▸ **INPUT MATERIAL**
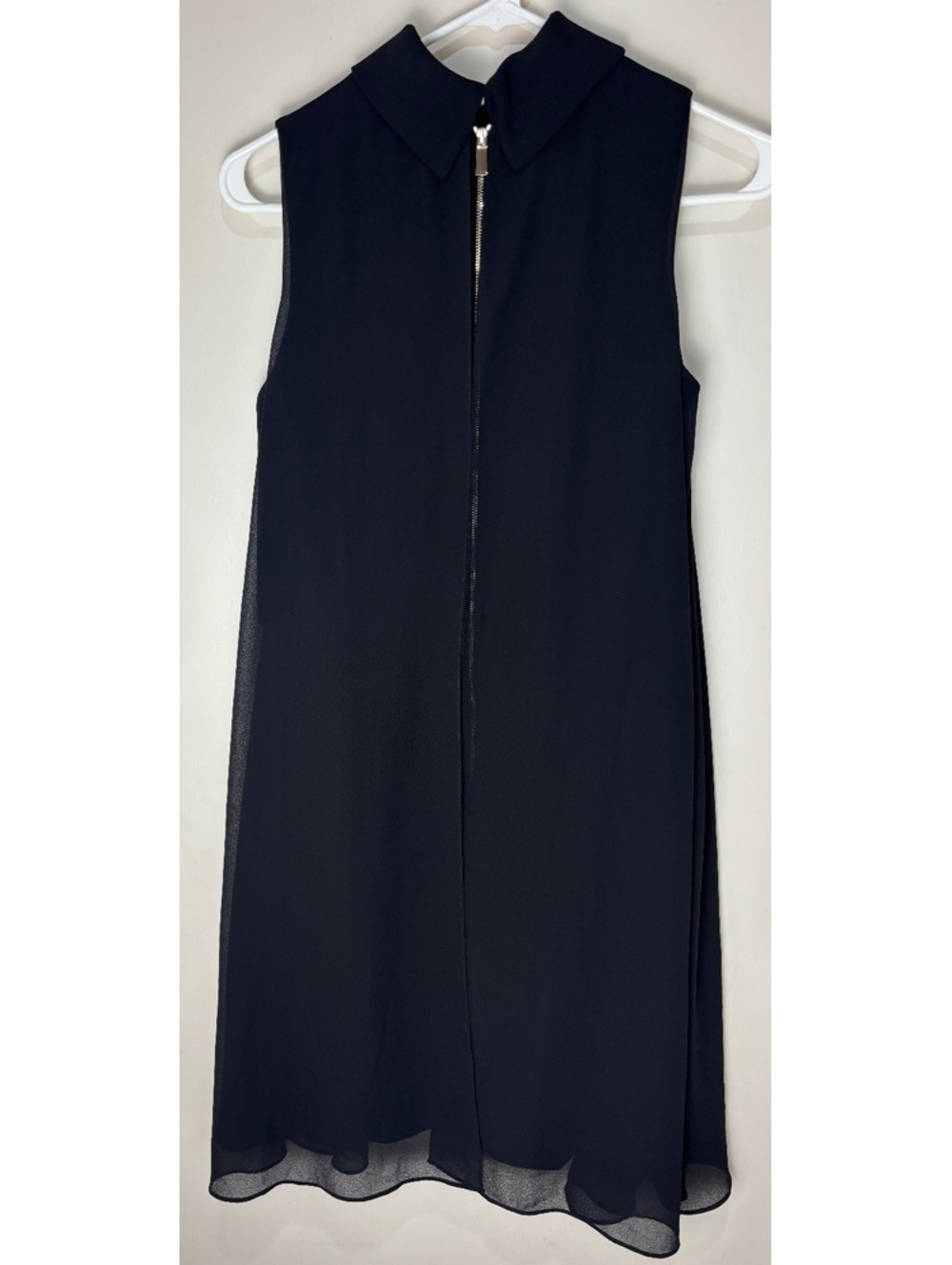 Vince Camuto Black Sleeveless Zip Front Collared Shift Dress Size 6 NWT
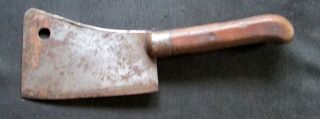 Antique Samuel Lee Lf & Co 6 " Blade 2 Brass Rivet Handle Meat Cleaver 12 " Long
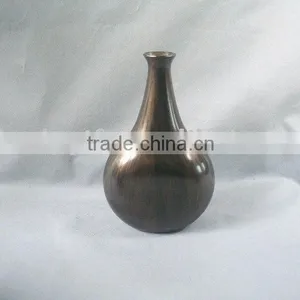 Decorative Black Elegant Desk Top Oblate Wood Flower Vases thumbnail-1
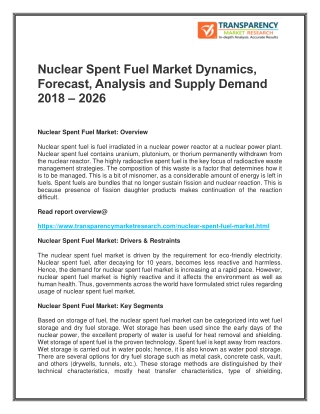 Nuclear Spent Fuel Market Dynamics, Forecast, Analysis and Supply Demand 2018 – 2026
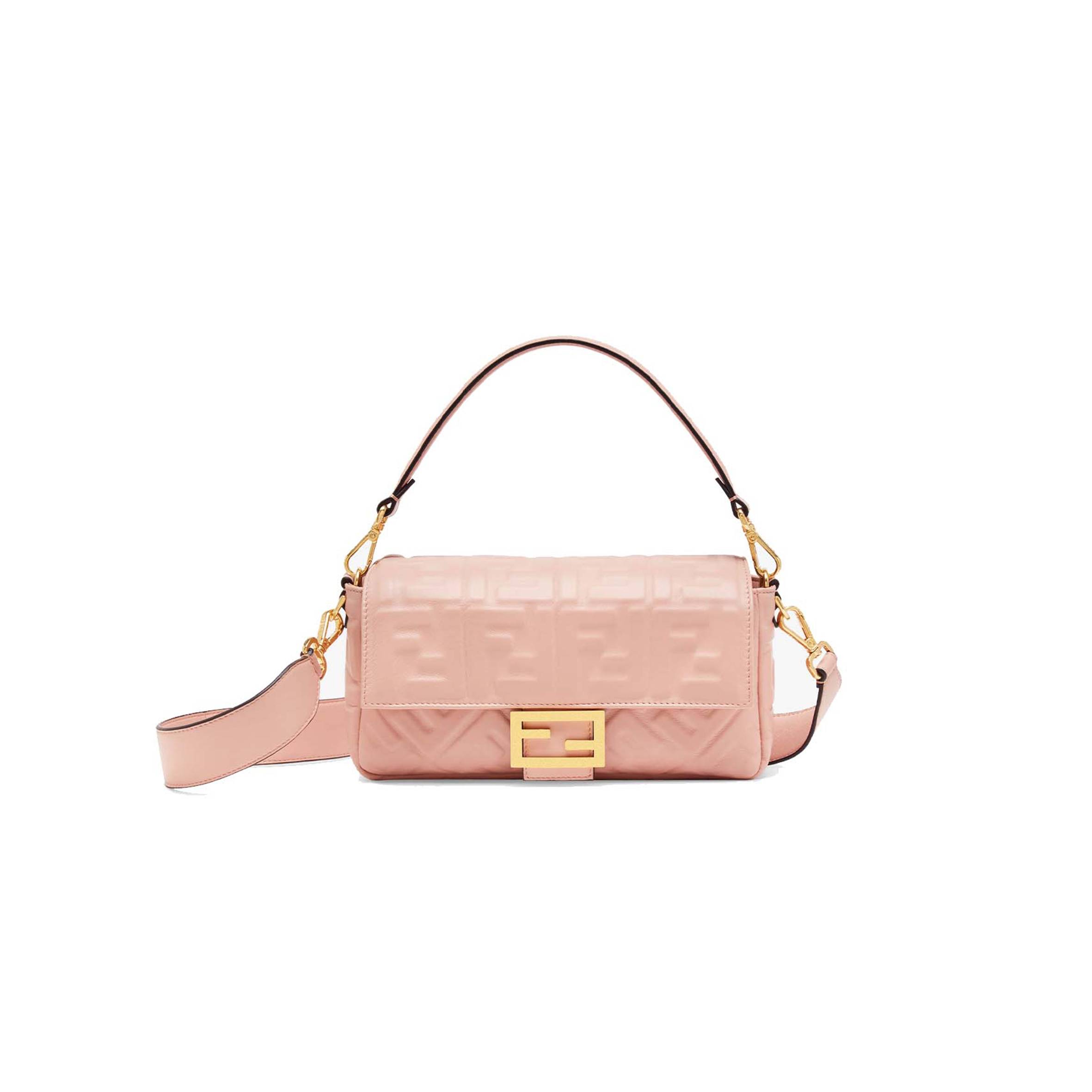 F**di baguette - pink nappa leather bag 8br600a72vf19pq (27*15*6cm)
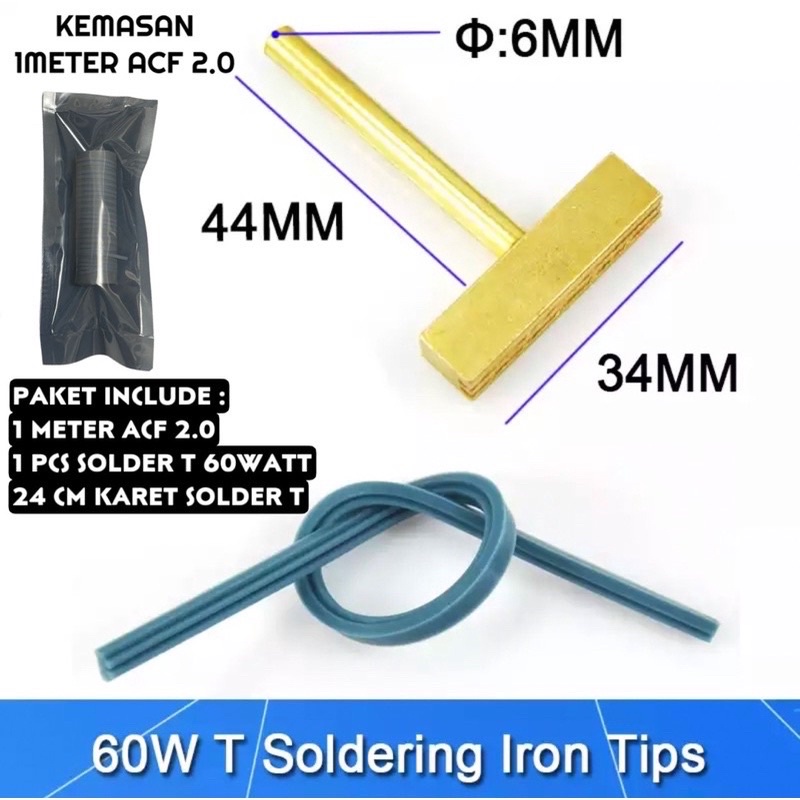 SOLDER T MATA SOLDER T PAKET ACF 1 METER  SOLDER T TEFLON / KARET 24CM TERSEDIA 3 VARIAN 30W 40W 60W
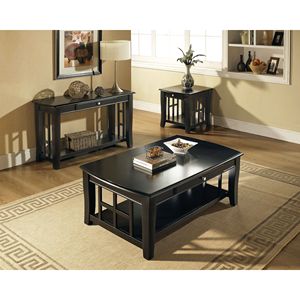 Stile classico ebano finitura tavoli occasionali con elegante fine reticolo eleganti mobili da soggiorno con ripiani inferiori - Product Image 5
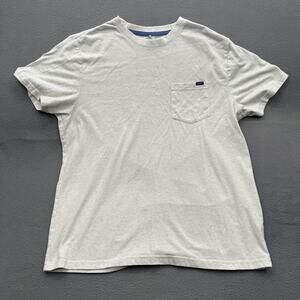 Chubbies Shirt Mens Medium White Pocket Crewneck Tagless Cotton Poly Soft‎ Basic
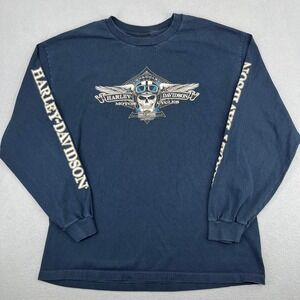 Harley-Davidson Mens XL Navy Blue Long Sleeve Palm Beach Florida Graphic T-Shirt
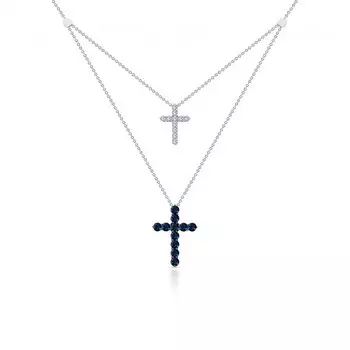 Золотое шейное украшение с бриллиантами природными и сапфирами природными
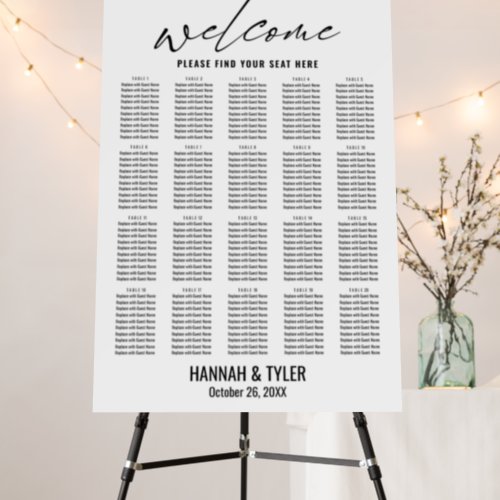 20 Tables Wedding Reception BW Seating Chart Foam Board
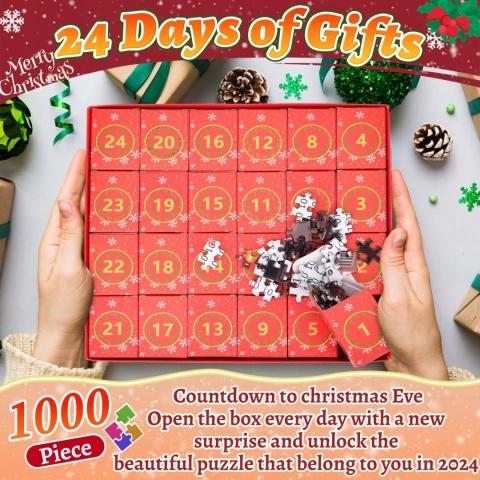 Kalendarz adwentowy Puzzle 1000 eldmentów Świąteczne puzzle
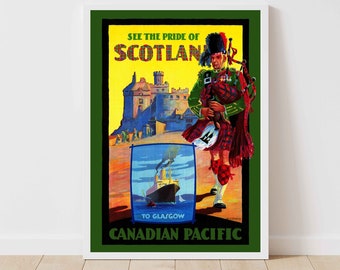 Vintage Scotland Travel Poster, Scottish Bagpiper Art, Glasgow Wall Art, Celric Home Decor, Highland Gift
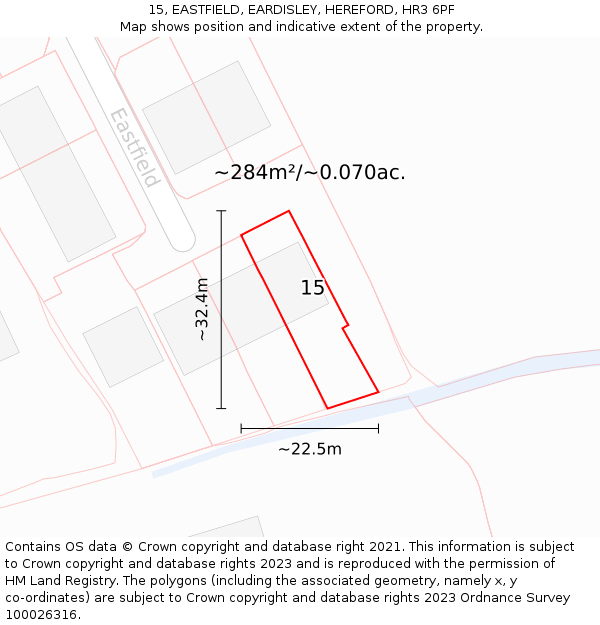 15, EASTFIELD, EARDISLEY, HEREFORD, HR3 6PF: Plot and title map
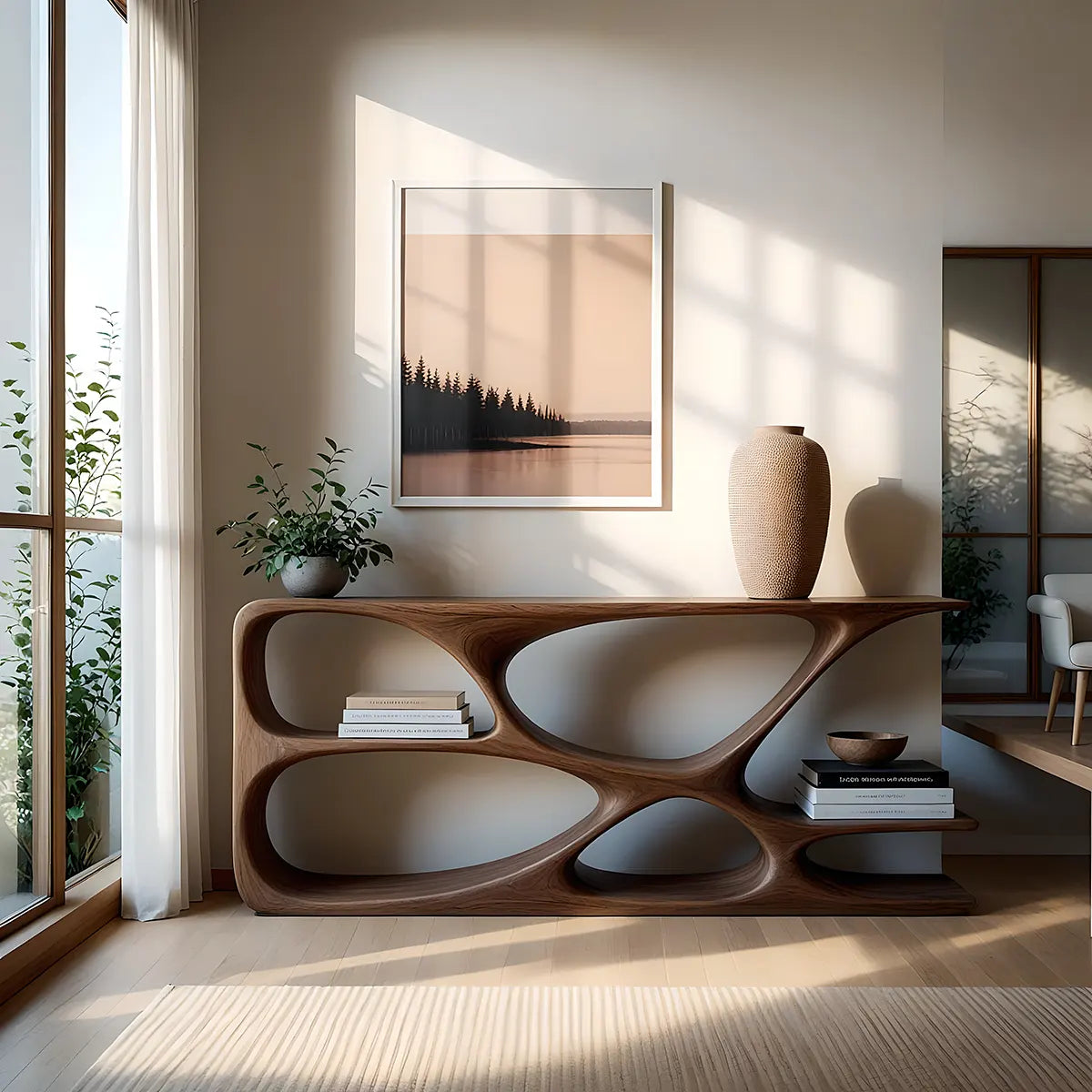 Solid Wood Console Table – Organic Sculptural Design HL020-5294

▸ **TASK TO COMPLETE**
Omit the pictures, then extract verbatim only those lines that fall between the line containing "Kalendarz adwentowy Puzzle" and the final line of the records above, both included.

▸ **WRITTEN ANSWER**
 Kalendarz adwentowy Puzzle 1000 eldmentów Świąteczne puzzle
 Vintage Scotland Travel Poster, Scottish Bagpiper Art, Glasgow Wall Art, Celric Home Decor, Highland Gift
 15, EASTFIELD, EARDISLEY, HEREFORD, HR3 6PF: Plot and title map
 Solid Wood Console Table – Organic Sculptural Design HL020-5294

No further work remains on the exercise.